Now the problems with his gravity rules. The first problem is moons. No one wants to call luna a planet. If we go around saying a planet in the solar system (Jupiter) has 32 other planets orbiting it, things will get very confusing awfully quick. So we would want to declare that for it to be a planet it has to orbit the sun. But then their is the problem of 'planets' that orbit each other. For example, we see this in some asteroids - two asteroids that orbit each other while traveling in a circular path around the sun - similiar to binary star systems where two stars orbit each other and tavel in a circular path around the galaxy. They can't both be moons. They can't both be planets. And what about rogue planets that no longer orbit a star but have been orphaned and are currently floating in interstellar space.
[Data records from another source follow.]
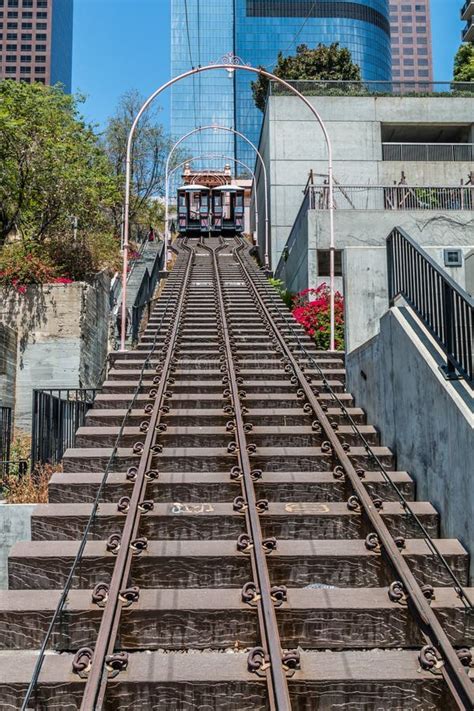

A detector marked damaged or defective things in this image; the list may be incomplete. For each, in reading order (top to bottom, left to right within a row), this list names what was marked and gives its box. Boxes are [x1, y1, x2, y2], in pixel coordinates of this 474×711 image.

rusty rail [206, 241, 292, 711]
rusty rail [235, 239, 474, 711] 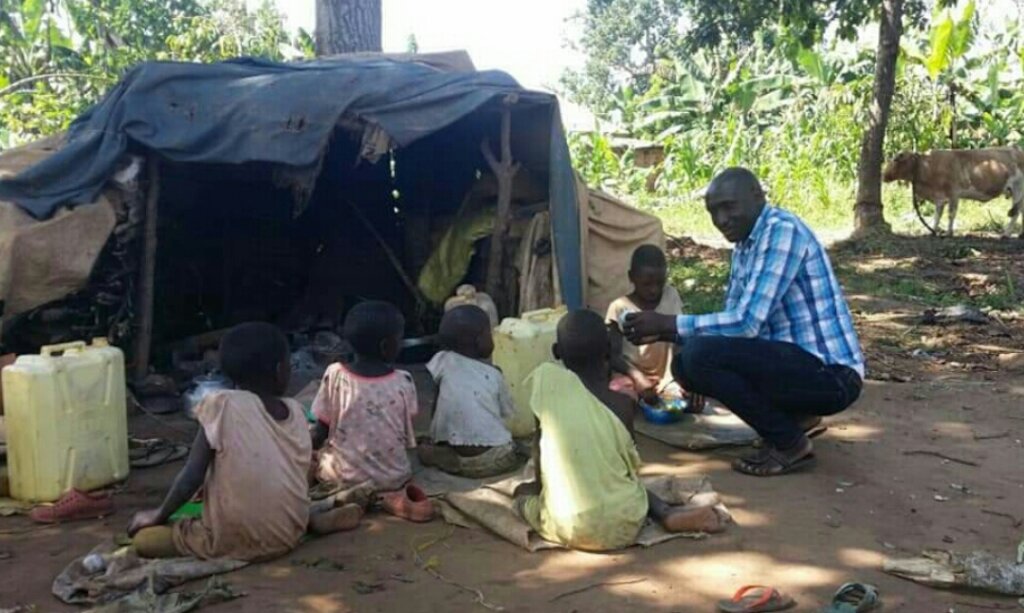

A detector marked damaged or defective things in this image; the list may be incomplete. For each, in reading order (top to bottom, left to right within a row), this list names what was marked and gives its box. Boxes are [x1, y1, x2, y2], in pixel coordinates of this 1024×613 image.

torn canvas sheet [634, 403, 757, 450]
torn canvas sheet [436, 468, 733, 552]
torn canvas sheet [54, 544, 247, 605]
torn canvas sheet [880, 548, 1024, 597] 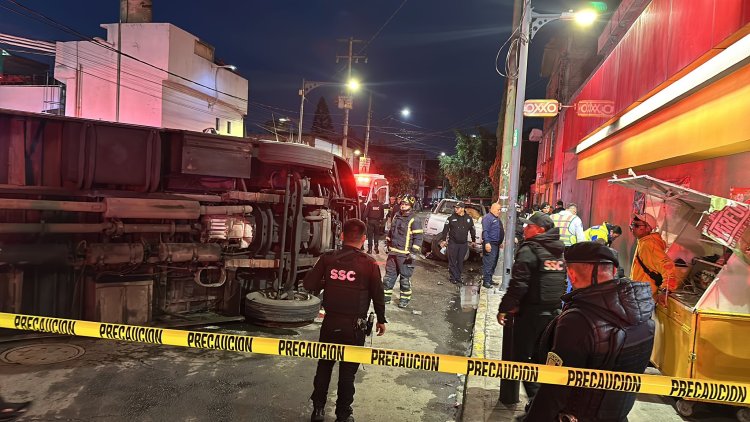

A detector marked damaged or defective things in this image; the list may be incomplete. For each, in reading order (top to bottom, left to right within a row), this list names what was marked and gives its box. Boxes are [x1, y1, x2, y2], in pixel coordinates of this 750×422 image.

overturned truck [0, 109, 362, 326]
The second problem is comet-like bodies. What if you have a planet that as it orbits its sun sheds its atmosphere and mass to the point that it loses the gravity necessary to keep it circular. Likewise, what if you run into an asteroid that through a series of collisions gains enough mass to become a planet. This is fine but what happens when you have a whole belt of such objects. When you classify something, its best it stays in that classification for awhile or else the act of classification becomes somewhat meaningless. For example, you don't classify water by its mass in a rain storm cause that mass is constantly changing. Rather you state the rate of that change. If you didn't, you'd be forced to constantly reclassify it every observation.
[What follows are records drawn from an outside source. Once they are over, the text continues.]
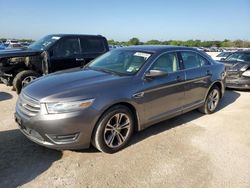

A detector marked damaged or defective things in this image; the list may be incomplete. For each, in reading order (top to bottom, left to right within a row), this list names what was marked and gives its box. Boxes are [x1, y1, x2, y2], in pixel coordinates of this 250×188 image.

damaged car [0, 33, 109, 93]
damaged car [221, 50, 250, 89] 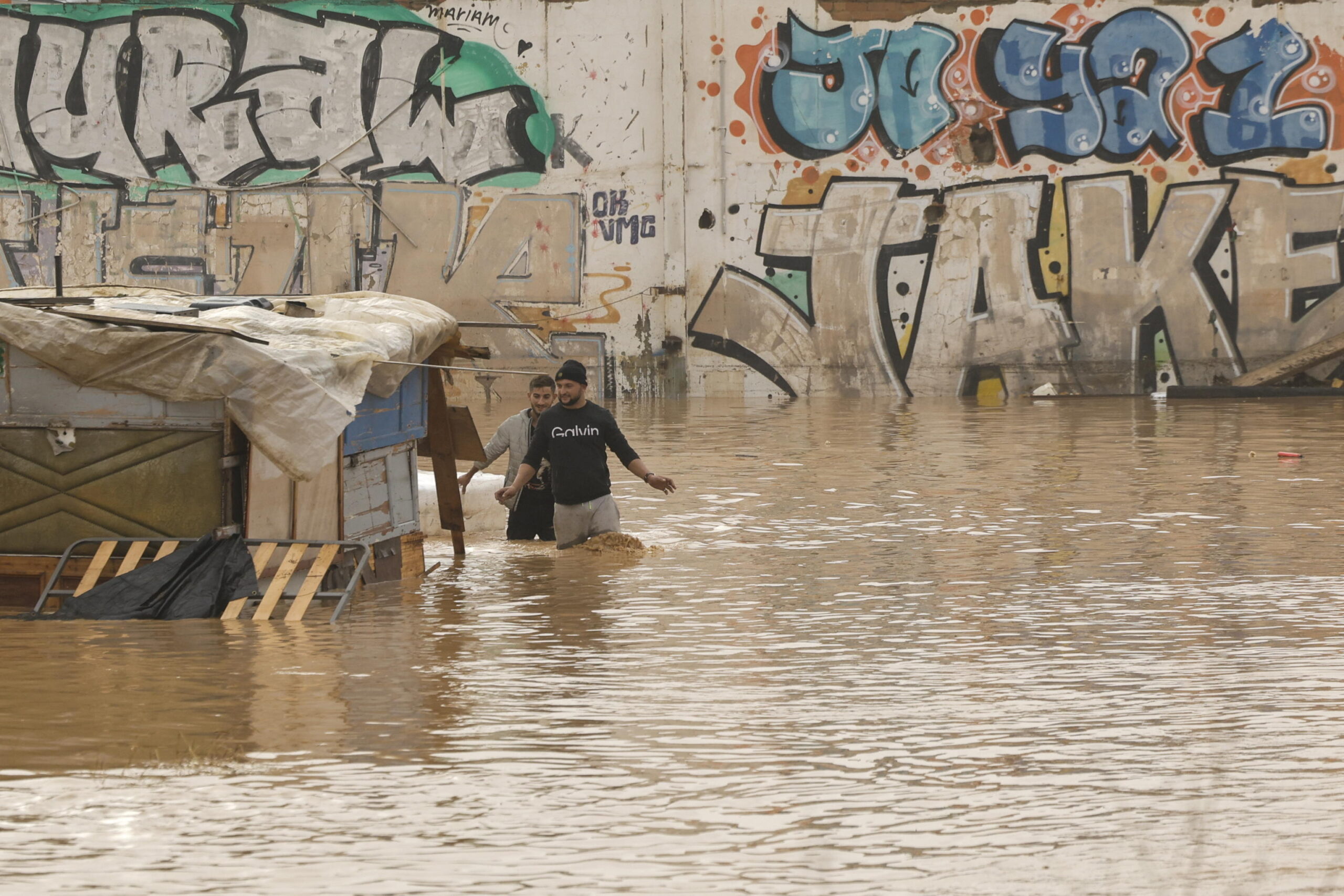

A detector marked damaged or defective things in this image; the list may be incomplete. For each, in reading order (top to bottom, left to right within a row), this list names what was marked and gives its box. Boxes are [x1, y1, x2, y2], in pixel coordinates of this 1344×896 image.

rusted metal sheet [0, 427, 224, 553]
rusted metal sheet [341, 440, 414, 542]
So simply stating that gravity rule as the only criteria doesn't work. We'd have to make it more complex. Moons aren't planets (assuming you still want the word moon and planet to mean anything - and yes I know some moons could have their own moons). Belts like the asteroid belt and the kuiper belt where objects could conceivably change in every observation from planet to non planet and back would create a nightmare for astronomers using such a system. And remember these are only problems we face with a small data set like our solar system. Add in problems like the Super jupiters, some of which are undoubtfully brown stars or close to becoming them, and other as of yet unknowns and one could only imagine even more problems would arise in the gravity rule system. Now if these means adding addition requirements or not, or perhaps just abandoning the whole system is anybodies guess. He's write in stating you can't just use the old size requirement - but that was and is why we called pluto a planet and ceres an asteroid. Becuase someone said theres a size difference - there is really no other reason. Some asteroids have atmospheres. Some have moons. Some planets don't have moons. Some planets have moons larger than other planets. Perhaps the best bet is to just throw all the labels out and start over.